Issue with training speed / loss #46

greeneggsandyaml · 2024-04-02T23:47:18Z

Hello, I'm looking to replicate the results of this repo. I've loaded the Objaverse data (rendered in a similar manner to G-Objaverse) and I've verified that the images look right (see below). I believe that the cameras are also being loaded correctly, although it is always possible that I made an error there.

I'm finding that the network does not train successfully.

I am asking anyone (the author or anyone else who has successfully trained a model), what the training process should look like. As in, what (approximately) should the loss be at 500, 1000, 5000 steps? Does the network take forever to converge or is something wrong with my setup?
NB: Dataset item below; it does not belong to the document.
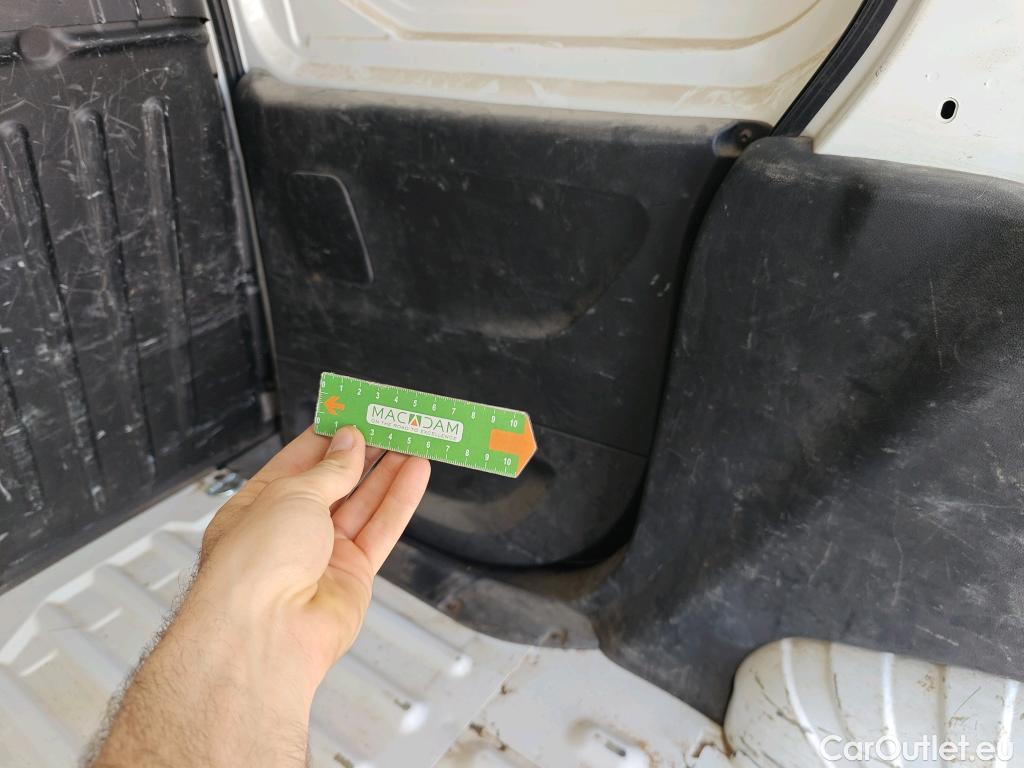  Opel  Combo OPEL  / 2018 / 3P / furgón derivado de turismo 1.6 TD 55kW (75CV) Express L H1 650kg #9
For context, my renders look like:

And after 1500 steps of training (with a single 80GB GPU), I have losses that look like:

[INFO] 0/17534 mem: 55.56/79.33G lr: 0.0000160 step_ratio: 0.0000 loss: 1.339101
[INFO] 100/17534 mem: 60.59/79.33G lr: 0.0000171 step_ratio: 0.0002 loss: 0.552416
[INFO] 200/17534 mem: 60.59/79.33G lr: 0.0000202 step_ratio: 0.0004 loss: 0.484728
[INFO] 300/17534 mem: 60.59/79.33G lr: 0.0000255 step_ratio: 0.0006 loss: 0.499739
[INFO] 400/17534 mem: 60.59/79.33G lr: 0.0000327 step_ratio: 0.0008 loss: 0.479734
[INFO] 500/17534 mem: 60.59/79.33G lr: 0.0000418 step_ratio: 0.0010 loss: 0.431447
[INFO] 600/17534 mem: 60.59/79.33G lr: 0.0000528 step_ratio: 0.0011 loss: 0.502410
[INFO] 700/17534 mem: 60.59/79.33G lr: 0.0000655 step_ratio: 0.0013 loss: 0.357406
[INFO] 800/17534 mem: 60.59/79.33G lr: 0.0000797 step_ratio: 0.0015 loss: 0.424057
[INFO] 900/17534 mem: 60.59/79.33G lr: 0.0000954 step_ratio: 0.0017 loss: 0.351256
[INFO] 1000/17534 mem: 60.59/79.33G lr: 0.0001122 step_ratio: 0.0019 loss: 0.433826
...

and predicted images that look like this:

These losses/images look very bad to me, but perhaps I need to wait for much longer.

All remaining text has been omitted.